Supplied information START
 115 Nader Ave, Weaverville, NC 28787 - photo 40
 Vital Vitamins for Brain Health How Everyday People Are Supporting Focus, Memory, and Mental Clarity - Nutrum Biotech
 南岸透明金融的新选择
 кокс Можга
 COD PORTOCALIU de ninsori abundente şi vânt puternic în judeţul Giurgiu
Supplied information END
● **Your goal**: Give again, word for word, every line from the one holding "Vital Vitamins for" to the end of the data.

● **Expected answer**:
 Vital Vitamins for Brain Health How Everyday People Are Supporting Focus, Memory, and Mental Clarity - Nutrum Biotech
 南岸透明金融的新选择
 кокс Можга
 COD PORTOCALIU de ninsori abundente şi vânt puternic în judeţul Giurgiu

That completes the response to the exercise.